Segment Open

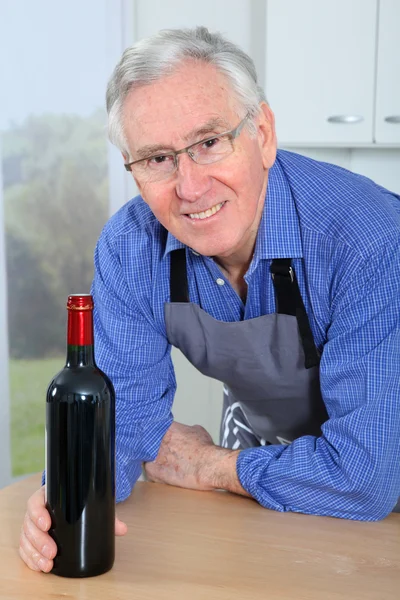 Anciano sosteniendo botella de vino tinto — Foto de Stock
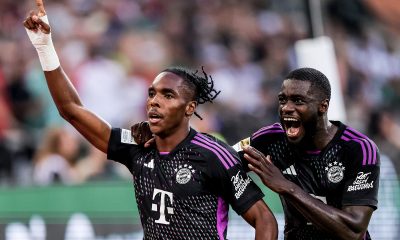 Munich's Mathys Tel (L) celebrates with Munich's Dayot Upamecano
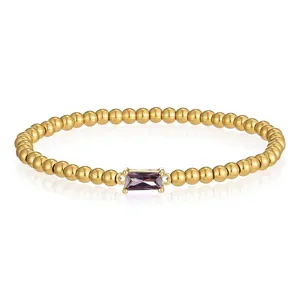 Nahaufnahme eines vergoldeten Perlenarmbands aus Edelstahl mit einem violetten Zirkon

Segment Closed

• _Instructions for the task_: An exact copy of all the lines above is required, with the pictures removed.

• _Your solution_:
 Anciano sosteniendo botella de vino tinto — Foto de Stock
 Munich's Mathys Tel (L) celebrates with Munich's Dayot Upamecano
 Nahaufnahme eines vergoldeten Perlenarmbands aus Edelstahl mit einem violetten Zirkon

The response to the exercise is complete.